Steigende Smartphone-Preise 2026: Speicherchips als Hauptgrund
Laut Counterpoint Research steigen Smartphone-Preise 2026 durch höhere Speicherchip-Kosten. Budget-Geräte und Flaggschiffe betroffen. Erfahren Sie mehr über die Auswirkungen.

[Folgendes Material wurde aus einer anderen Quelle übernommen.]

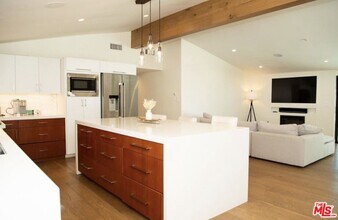 6329 Jumilla Ave in Los Angeles, CA - Building Photo - Building Photo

Laut Counterpoint Research steigen Smartphone-Preise 2026 durch höhere Speicherchip-Kosten. Budget-Geräte und Flaggschiffe betroffen. Erfahren Sie mehr über die Auswirkungen.
© A. Krivonosov
Die Analysten von Counterpoint Research warnen vor steigenden Smartphone-Preisen im Jahr 2026. Als Hauptgrund nennen sie einen deutlichen Anstieg der Speicherchip-Kosten. Dem Unternehmen zufolge sind die Preise für mobilen RAM im Vergleich zum Vorquartel um etwa 50 Prozent gestiegen, während die NAND-Speicherkosten um mehr als 90 Prozent in die Höhe geschossen sind. In der Folge werden Hersteller wahrscheinlich einen Teil dieser wachsenden Ausgaben an die Verbraucher weitergeben müssen.

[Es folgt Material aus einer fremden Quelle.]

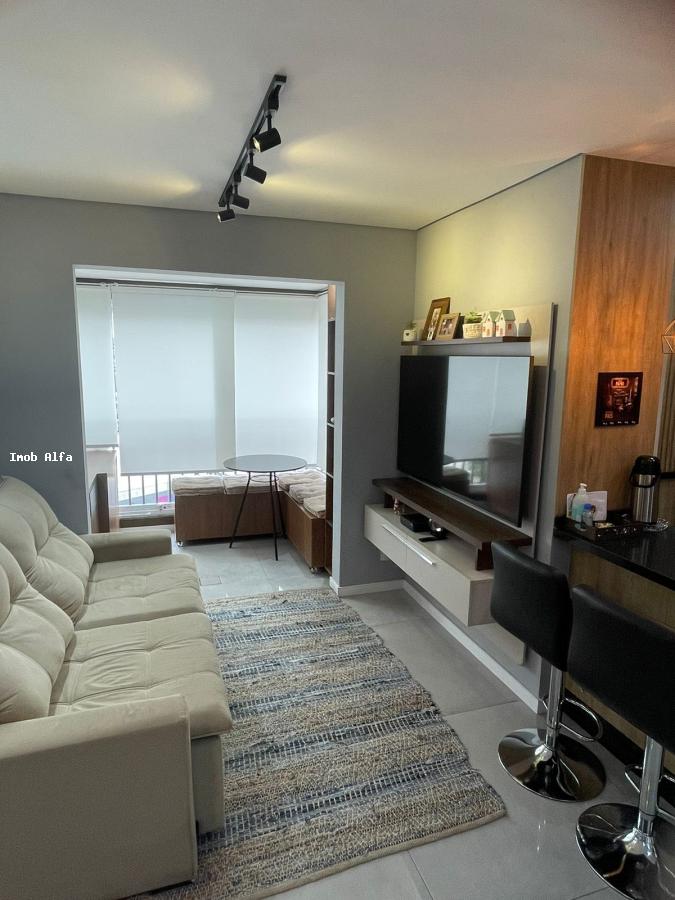 Apartamento à venda com 2 quartos, 60m² - Foto 16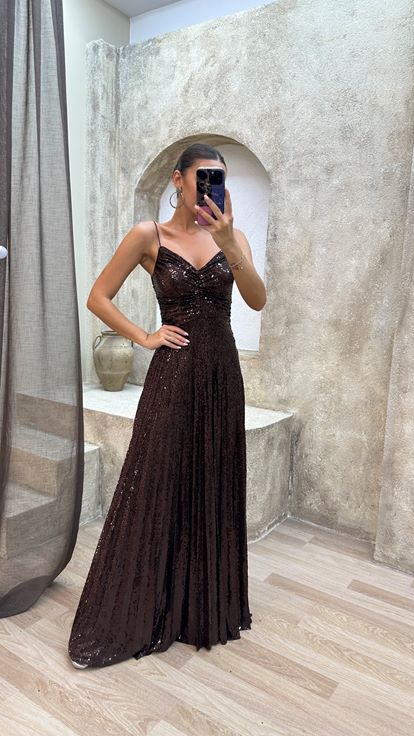 Braunes Abendkleid mit Seilträgern und Pailletten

Besonders hart trifft die Preiserhöhung Budget-Geräte. In einem typischen Smartphone bis 200 US-Dollar mit 6 GB LPDDR4X-RAM und 128 GB eMMC-Speicher können Speicherkomponenten nun rund 43 Prozent der gesamten Materialkosten ausmachen. Das ist etwa ein Viertel mehr als zuvor. Für Hersteller stellt dies eine ernste Herausforderung dar, weil die Margen im Budget-Segment traditionell sehr gering sind.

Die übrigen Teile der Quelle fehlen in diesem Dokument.